- [WHAT TO WORK ON]
While leaving the pictures out, set down only the lines from the one with "18th_fsica_golf_competition_303" through the end of the records, exactly as they stand.

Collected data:
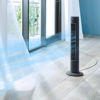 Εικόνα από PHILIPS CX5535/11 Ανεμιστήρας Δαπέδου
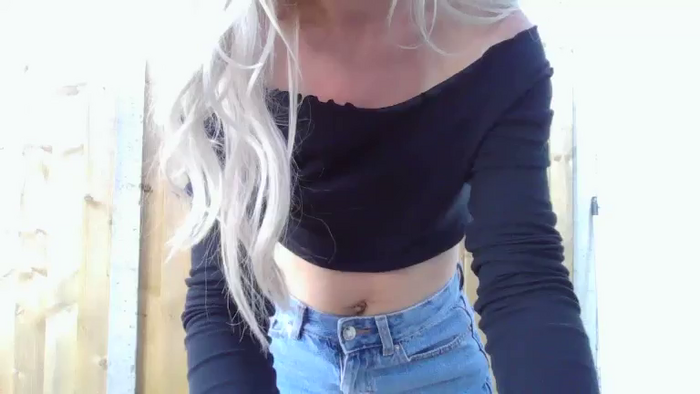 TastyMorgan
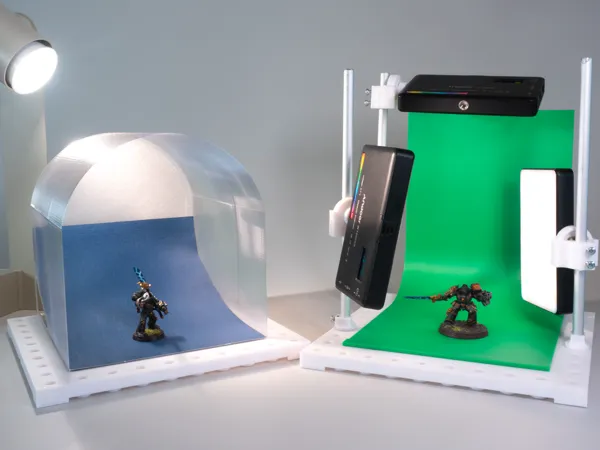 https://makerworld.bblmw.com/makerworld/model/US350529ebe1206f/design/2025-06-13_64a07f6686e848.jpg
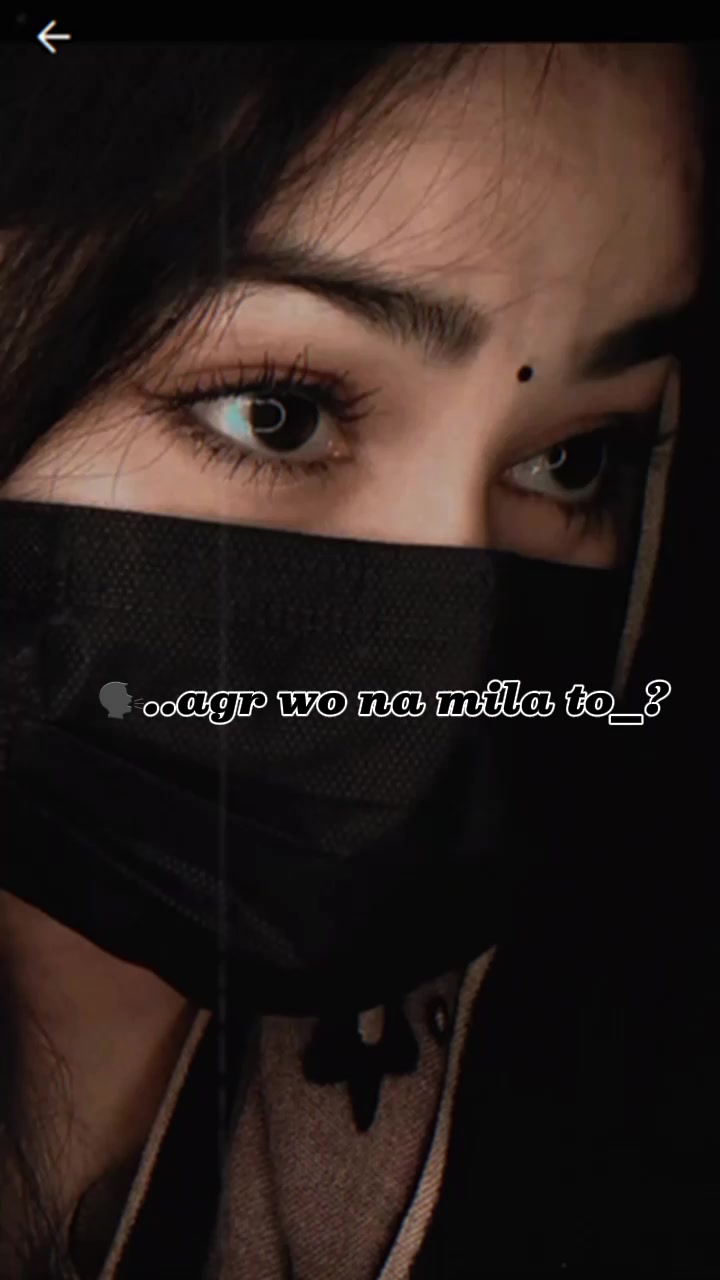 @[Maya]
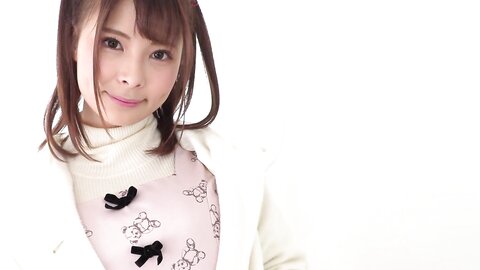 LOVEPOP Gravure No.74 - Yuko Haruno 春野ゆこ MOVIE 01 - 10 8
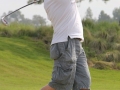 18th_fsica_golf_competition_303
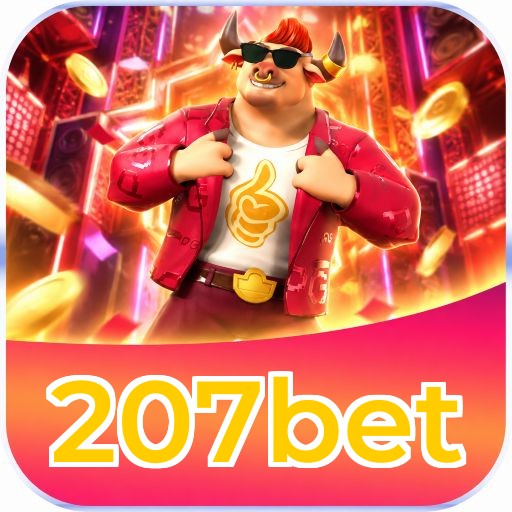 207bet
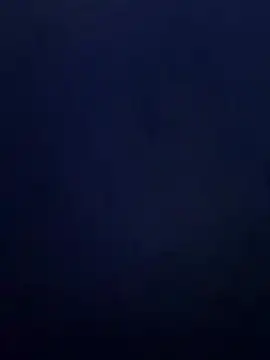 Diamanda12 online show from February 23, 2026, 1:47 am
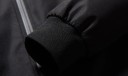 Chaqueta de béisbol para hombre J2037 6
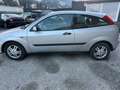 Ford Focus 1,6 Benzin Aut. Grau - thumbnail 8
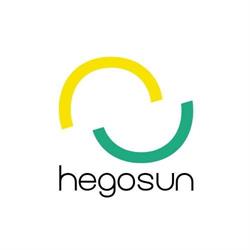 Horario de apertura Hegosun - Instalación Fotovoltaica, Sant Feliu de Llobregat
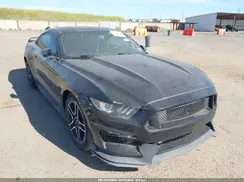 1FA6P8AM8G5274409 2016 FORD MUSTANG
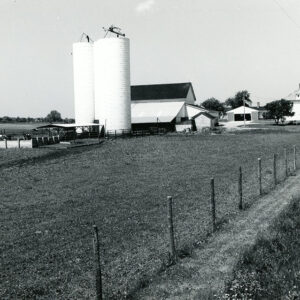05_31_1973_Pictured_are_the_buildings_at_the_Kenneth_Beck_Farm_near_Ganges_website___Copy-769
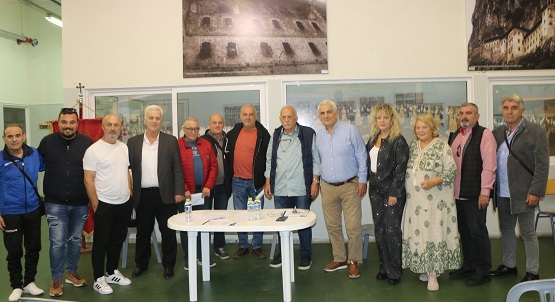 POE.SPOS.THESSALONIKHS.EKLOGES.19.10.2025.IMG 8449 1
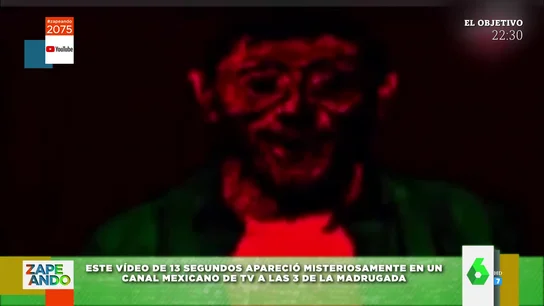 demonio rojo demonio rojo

- [TASK SOLUTION]
 18th_fsica_golf_competition_303
 207bet
 Diamanda12 online show from February 23, 2026, 1:47 am
 Chaqueta de béisbol para hombre J2037 6
 Ford Focus 1,6 Benzin Aut. Grau - thumbnail 8
 Horario de apertura Hegosun - Instalación Fotovoltaica, Sant Feliu de Llobregat
 1FA6P8AM8G5274409 2016 FORD MUSTANG
05_31_1973_Pictured_are_the_buildings_at_the_Kenneth_Beck_Farm_near_Ganges_website___Copy-769
 POE.SPOS.THESSALONIKHS.EKLOGES.19.10.2025.IMG 8449 1
 demonio rojo demonio rojo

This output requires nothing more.